Exercise: Print out the full material below, exact in every line, with no images included.
──────── Listed records ────────
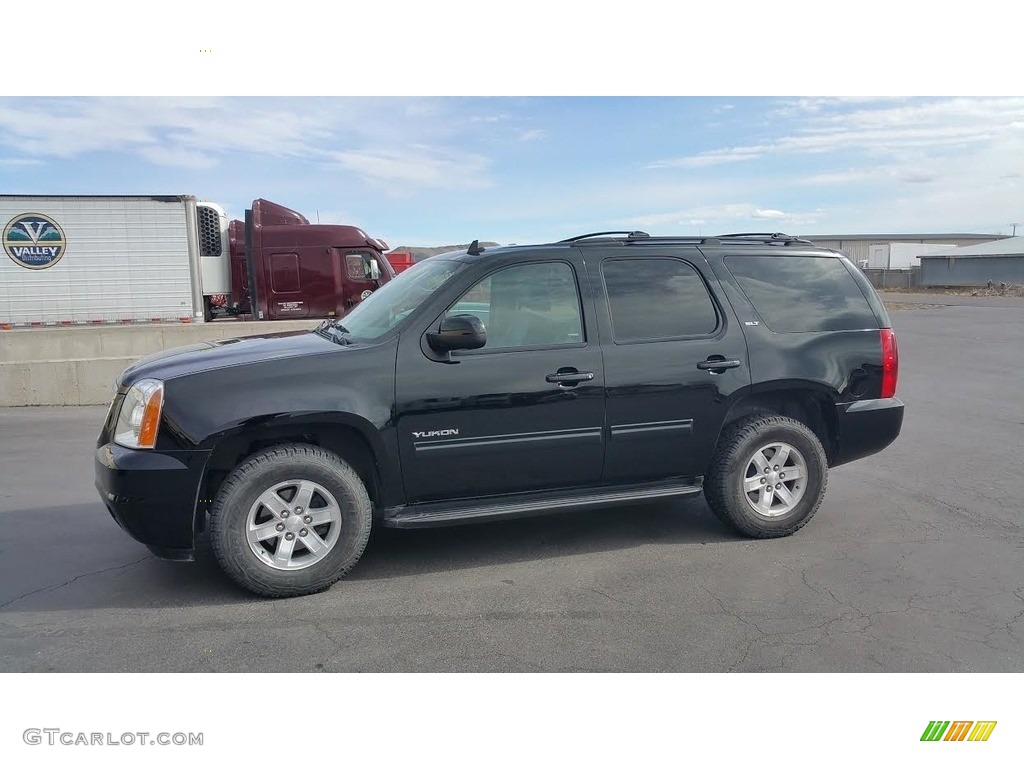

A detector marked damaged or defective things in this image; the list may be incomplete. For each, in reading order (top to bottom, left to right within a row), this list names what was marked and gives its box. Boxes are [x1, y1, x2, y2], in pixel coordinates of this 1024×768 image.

pavement crack [0, 557, 153, 610]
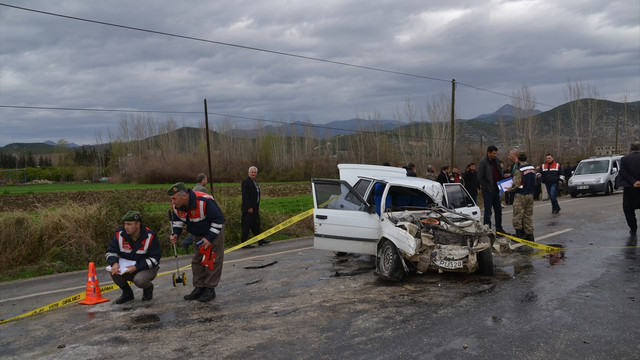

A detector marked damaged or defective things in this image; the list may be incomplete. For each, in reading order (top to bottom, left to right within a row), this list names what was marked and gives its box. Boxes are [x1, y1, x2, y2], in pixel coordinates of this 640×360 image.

wrecked white car [312, 164, 498, 282]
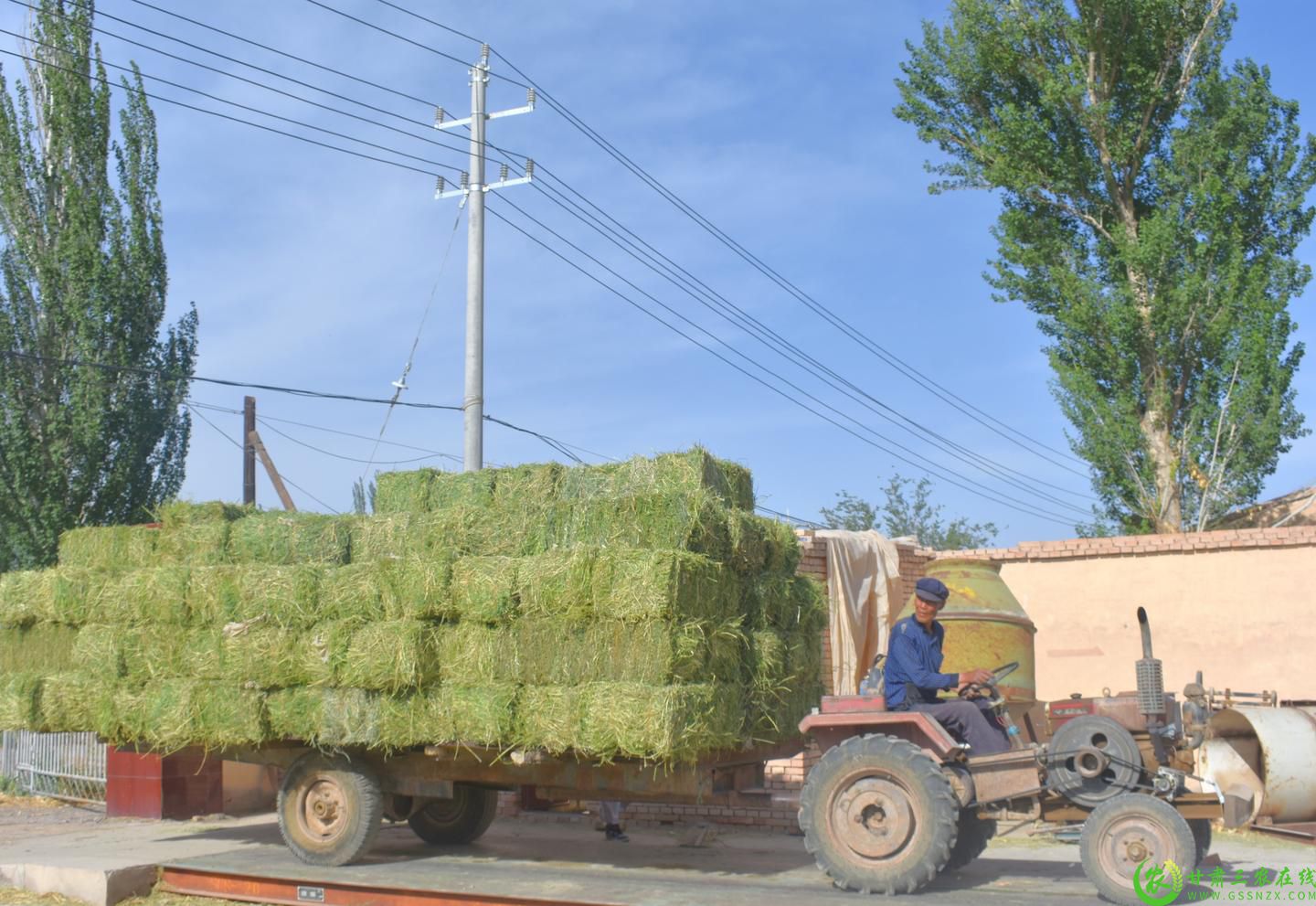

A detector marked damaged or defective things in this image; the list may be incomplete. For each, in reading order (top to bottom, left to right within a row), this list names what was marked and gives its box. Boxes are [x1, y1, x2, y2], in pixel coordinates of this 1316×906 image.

rusty yellow barrel [895, 558, 1036, 700]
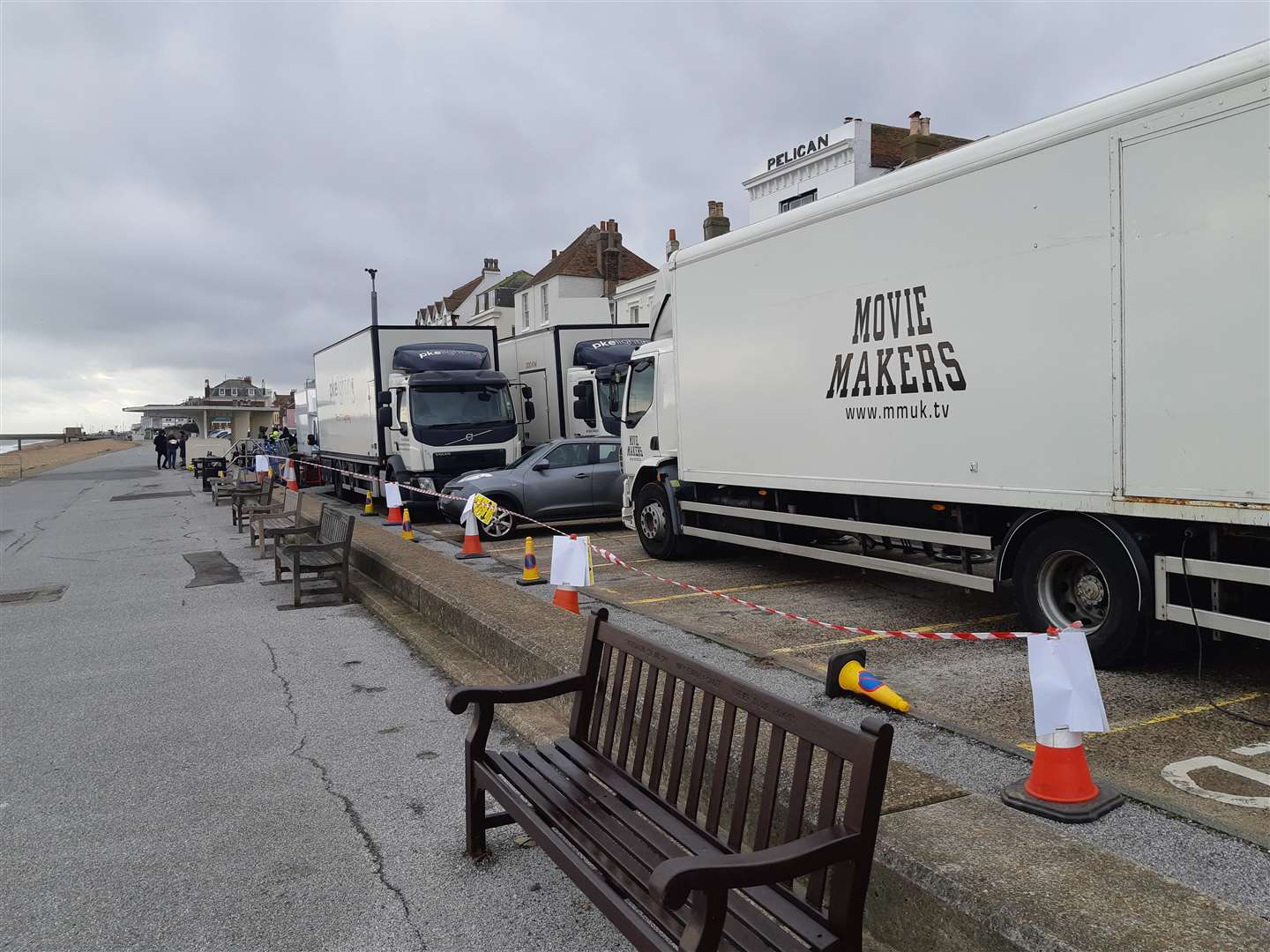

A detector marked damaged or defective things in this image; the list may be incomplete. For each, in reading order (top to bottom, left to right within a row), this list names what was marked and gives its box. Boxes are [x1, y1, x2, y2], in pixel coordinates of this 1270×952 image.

cracked asphalt [1, 449, 624, 952]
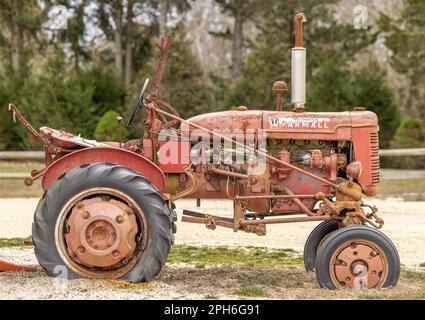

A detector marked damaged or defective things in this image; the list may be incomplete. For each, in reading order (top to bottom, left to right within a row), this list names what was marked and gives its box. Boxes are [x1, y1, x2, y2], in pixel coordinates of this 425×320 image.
────────
Exercise result:
A detector marked damaged or defective things in this image; the list may be incomplete. For each, in reading order (top to bottom, left to right within a row), this list names what was marked and gives its box. Boxes are [x1, y1, x2, y2], in pixel coordinates of this 1024×768 image.

pavement crack [0, 557, 153, 610]

A detector marked damaged or defective things in this image; the list may be incomplete. For each, in reading order (top to bottom, left to right within a row), this list names what was marked and gives its box. Boxes are [x1, y1, x2, y2], in pixel coordinates of this 640×360 image.

wrecked white car [312, 164, 498, 282]

A detector marked damaged or defective things in this image; the list may be incomplete. For each, in reading order (top to bottom, left to right within a row), this list names what was marked and gives its box. Boxes are [x1, y1, x2, y2], in pixel coordinates of this 1316×906 image.

rusty yellow barrel [895, 558, 1036, 700]

A detector marked damaged or defective things in this image; the list may be incomplete. For each, in reading order (top to bottom, left to right within a row), this list names what was marked and gives its box. Boxes are [x1, y1, x2, y2], in pixel coordinates of this 1270×952 image.

cracked asphalt [1, 449, 624, 952]

A detector marked damaged or defective things in this image; the list may be incomplete. For each, in reading order (top to bottom, left to right within a row), this list names what was marked and gives its box. Boxes are [x1, y1, x2, y2], in pixel coordinates of this 425×320 image.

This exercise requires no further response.